I often hear the 'Google is bigger, so they can afford it' argument... Bigger means they have MORE PEOPLE. That means it costs more.
I can understand a startup saying they can't do it, but an established company with profits? They could, if they wanted to. (Not that it would necessarily make sense, mind you. It depends on the industry.)
And the teamwork thing is nonsense, too. Googlers can work on other peoples' 20% projects in their 20% time. So it encourages teamwork as well. (And I'd likely be one of those, as I have few good ideas, but enjoy helping others flesh theirs out.)
Some people choose to make time for their side projects, and some don't. The real benefit to 20% time is fostering the environment where employees are encouraged to help other areas of the company or to step outside of their day to day responsibilities.
This also promotes teamwork across teams, which is really important when you have so many different products that need to feel cohesive.
Assuming that's a myth, why do people leave Google? It seems like a dream place to work.
Personally, I left to pursue doctorate studies.
The working hours are not crazy for all, but it's all bout getting things done, and people feel responsible of their tasks, so there is also a significant part of WFH.
NPR isn't an established company with profits. It's a non-profit funded (in part) by a government always itching for an excuse to withhold all its funding.
"NPR is overfunded. They let their developers do whatever the hell they want for 20% of their time!"
I'm the CTO. Feel free to ask me anything about the culture we have.
One even rigged up an iPad to their in-house keg that somehow analyzes pours and is working on the "perfect" pour for each beer.
"Lumbard said the managers had toyed with the idea of adopting Google’s 20 percent time, but they concluded it wouldn’t work for NPR. Google has thousands of employees and extraordinarily deep pockets, which mean it can afford to let employees take a day every week for side projects. Plus, Lumbard says, 20-percent time puts the emphasis on individuality, whereas NPR’s approach values teamwork."
1. Let your employees decide/vote on the weekend, so as few miss it due to vacation and whatnot as possible.
2. Make it Thursday night - Sunday afternoon, and give them Monday off to recuperate/run errands/catch up on life. 8 days off/year instead of 52 should be much more doable for a smaller operation like NPR.
3. Schedule it far in advance, encourage people/teams to brainstorm ideas and have a rough project plan or three ready to go Thursday night.

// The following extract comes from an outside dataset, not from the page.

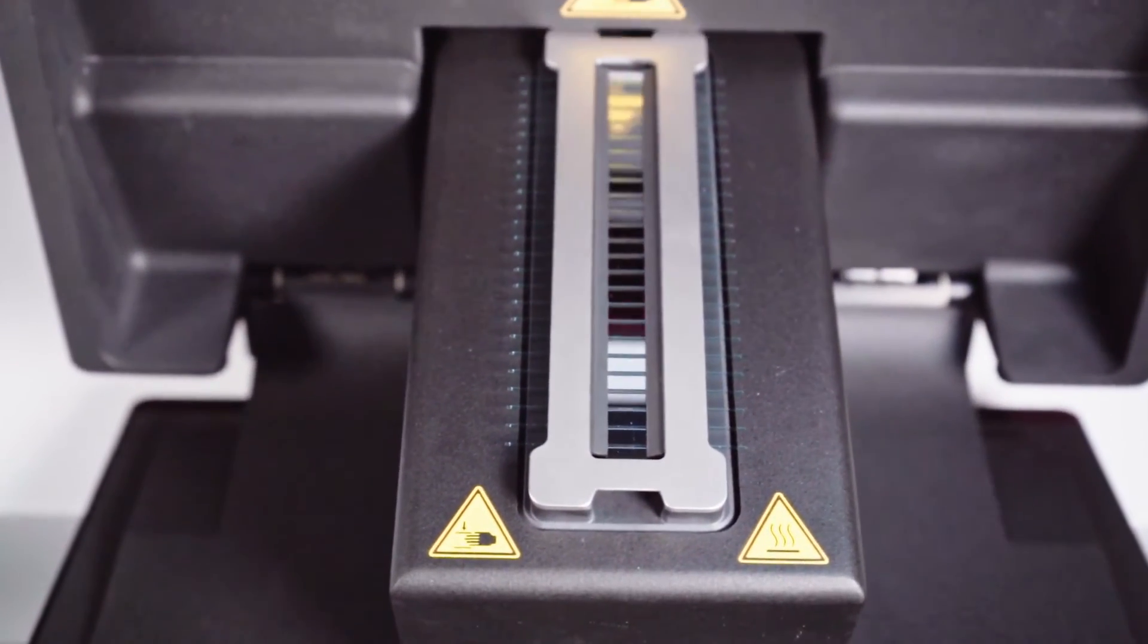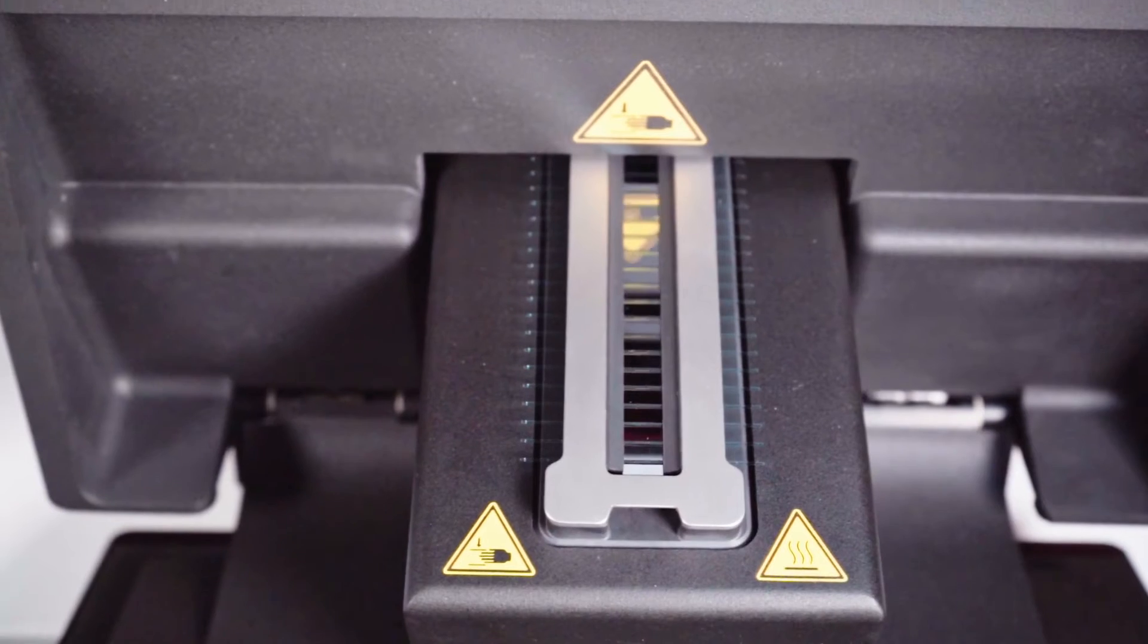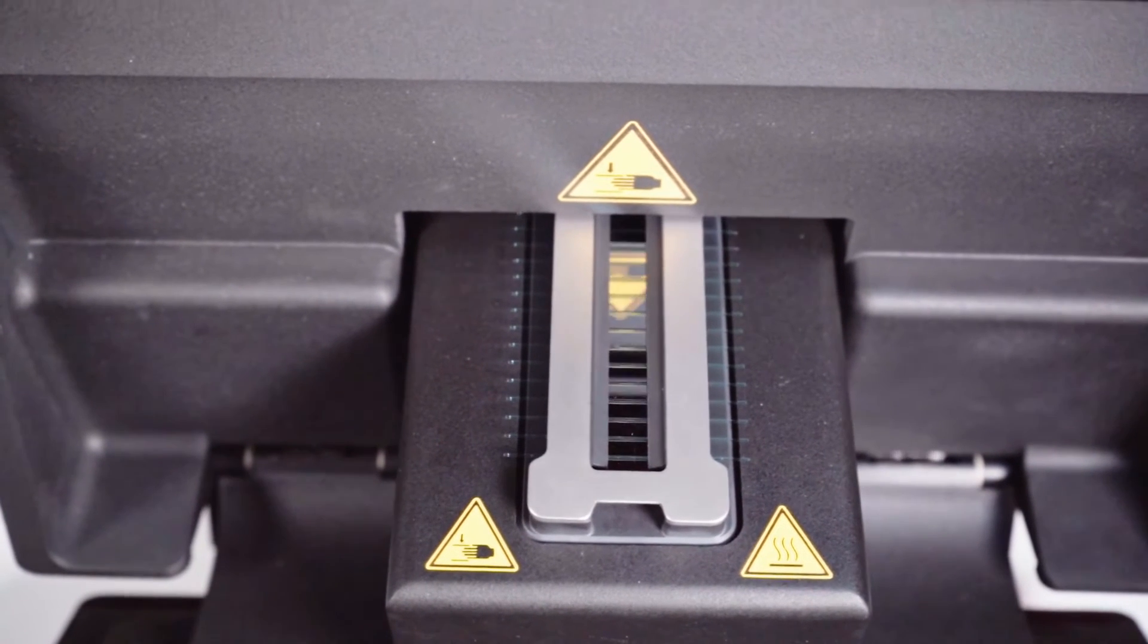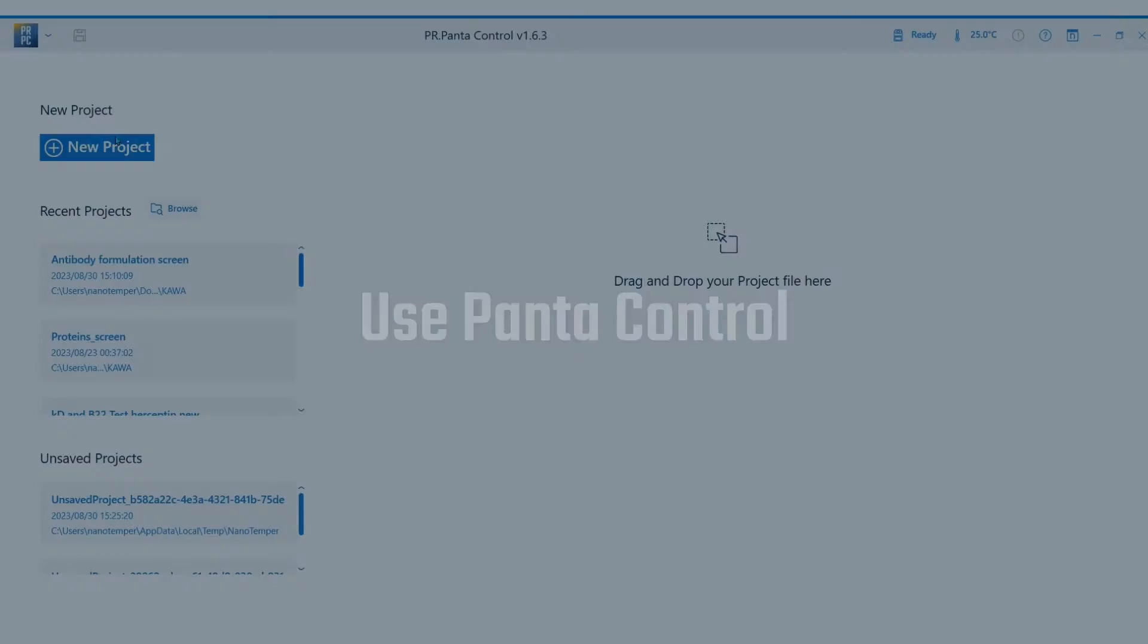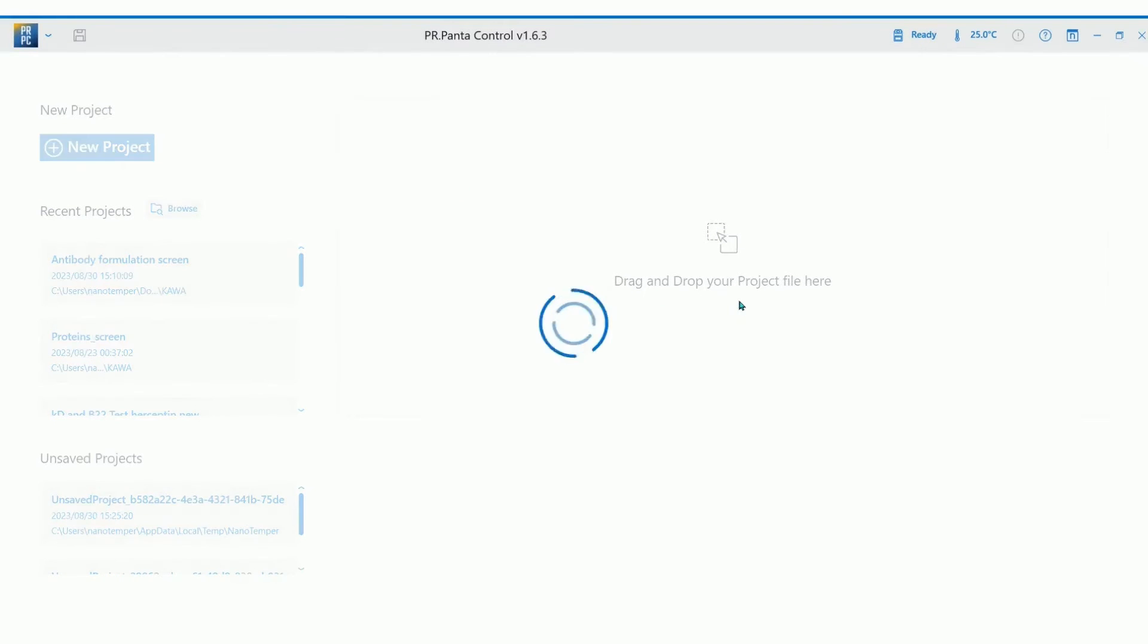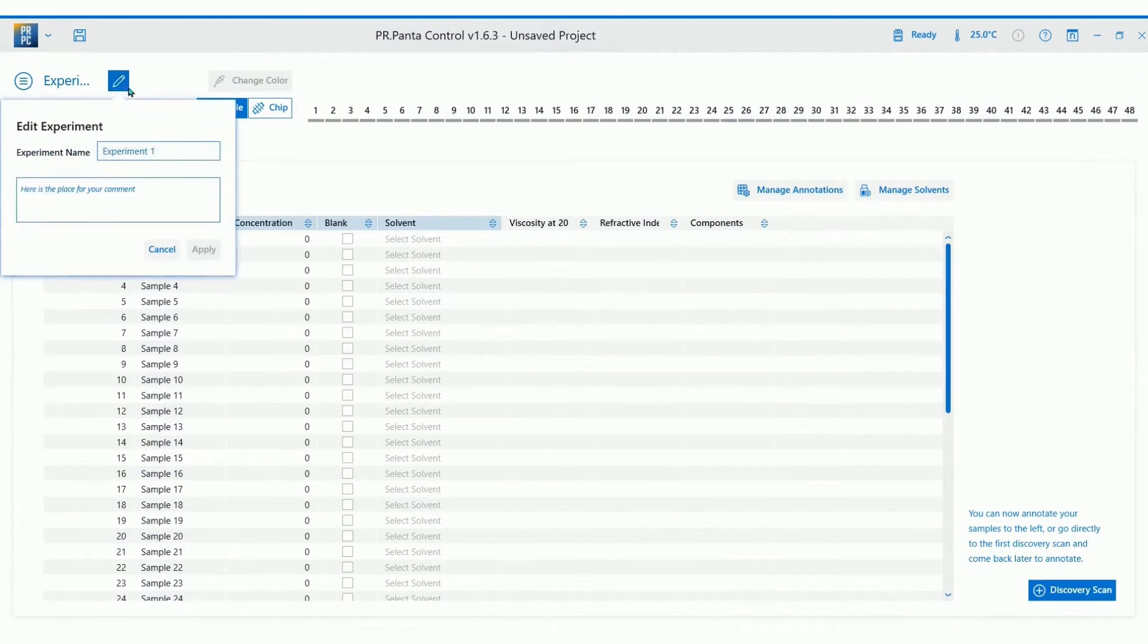The rest of the experimental setup will be done directly on the Panta Control software. Follow me as I will show you how to start and run your experiments on the software. Start by clicking on the new project button.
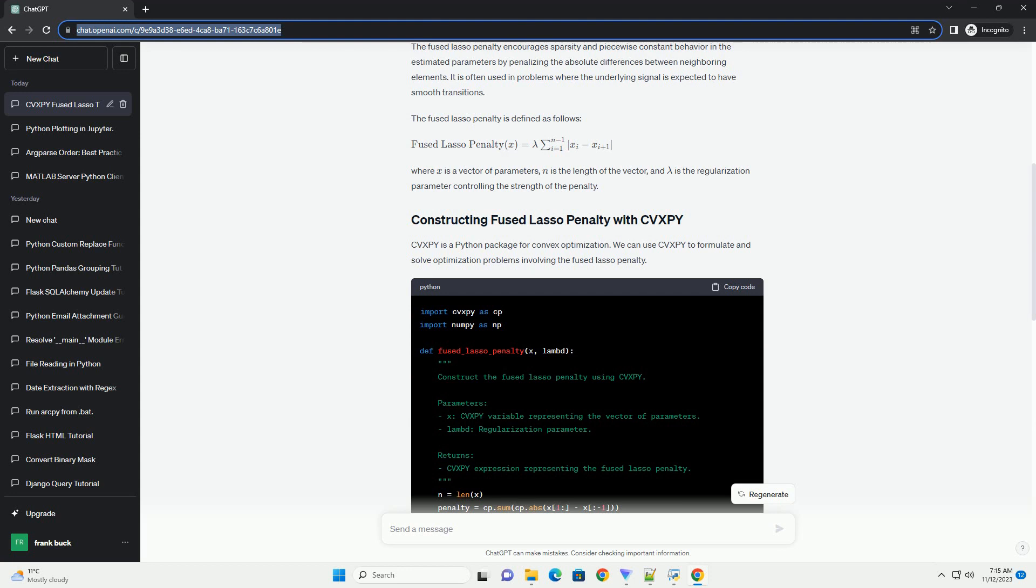Conclusion. Understanding the order in which argparse processes arguments is crucial for building reliable and user-friendly command line interfaces. By following the best practices outlined in this tutorial, you can create scripts that efficiently handle command line input.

4. Provide all the junk food, health food, and caffeine they can eat, free. Let them choose the menu when they're voting on the dates. Set up an internal website for all of this.
5. Make sure they've got all the hardware and software they could anticipate needing all on-site and ready go at the start. Minimize setup time.
6. Have something for planned for families as well, involve them if possible. Imagine, instead of going to watch a baseball game on the weekend with your mom and/or dad, going to a hackathon with them. Have a mini-hackathon on the side for the kids.
7. Have demo night Sunday at the end, fun/funny awards as well. For example, I dig Foursquare's 'Bender' badge for someone who goes out 4+ nights in a row. A hackathon equivalent would be whoever worked on site the longest and slept the least.
I don't think one work day every quarter is going to do much for them, but if they set it up like a hackathon sprint party over a very long weekend, they might get some interesting results.
>Make it Thursday night - Sunday afternoon,
>8 days off/year instead of 52 should be much more doable for a smaller operation like NPR.
Yeah, if I want to spend extra time at work I can focus on whatever the hell I'd like to, too.
You seem to be missing the point of a "20% time" or "serendipity day" if you think it can be duplicated by giving extra work to people in a salary exempt position.
One provides periods of autonomy without asking any more from workers, it only gives. The other asks for a huge time commitment. It shifts a big portion of benefit from employee to employer.
That goal is pretty loose and many people have spent their time working on their own cool ideas as well as internal tools that our sales team can use to make their lives easier.
I've found having a "free day" to look forward to makes it easier to focus on my regular tasks the first 4 days of the week.We also have the rule that the project needs to be shown off so you're accountable for the time. Nobody uses it just to goof off.
I know at least one new product is likely to come from this already and we've only been doing it for a few months. I'm really excited to see what comes out of it in the future.
Soo... it has fuck-all to do with Google's 20%?